We’re far removed in time from the first humans beckoned by these rivers. A pause in the rate of sea level rise 7,000 years ago enabled development of coastal marsh ecosystems and more successful human habitation – supported in part by the bounty of fish and shellfish that depend on salt marshes. Farther upstream and still inland today, the sinks and lower reaches of the Aucilla hold archaeological sites about twice that old, that are integral to our evolving understanding of very early prehistoric human habitation on the Gulf Coastal Plain.

If you’re intrigued by the myriad of fascinating rivers and wetlands of the Big Bend region – this globally significant biodiversity hotspot we live in, and want to experience some of them first-hand, you’re in luck. Several Panhandle counties offer Florida Master Naturalist courses on Freshwater Systems (and also courses on Upland Habitats and Coastal Systems). You can check the current course offerings at: http://conference.ifas.ufl.edu/fmnp/

You can also explore on your own. There are many public lands in our region (and across the Panhandle) that provide good access.

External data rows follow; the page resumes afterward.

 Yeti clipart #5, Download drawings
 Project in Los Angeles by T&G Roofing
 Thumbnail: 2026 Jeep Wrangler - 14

Go see the Aucilla’s remaining string of sinks by hiking a short segment of the Florida Trail through the Aucilla Wildlife Management Area in Taylor County. And the Ochlockonee’s floodplain of sloughs and swamps, bluffs and terraces by taking trails that follow old two-track roads “down to the river” through the Lake Talquin State Forest in Leon County.

Get some maps of your public lands, get some tips on trails, get outside, and go exploring!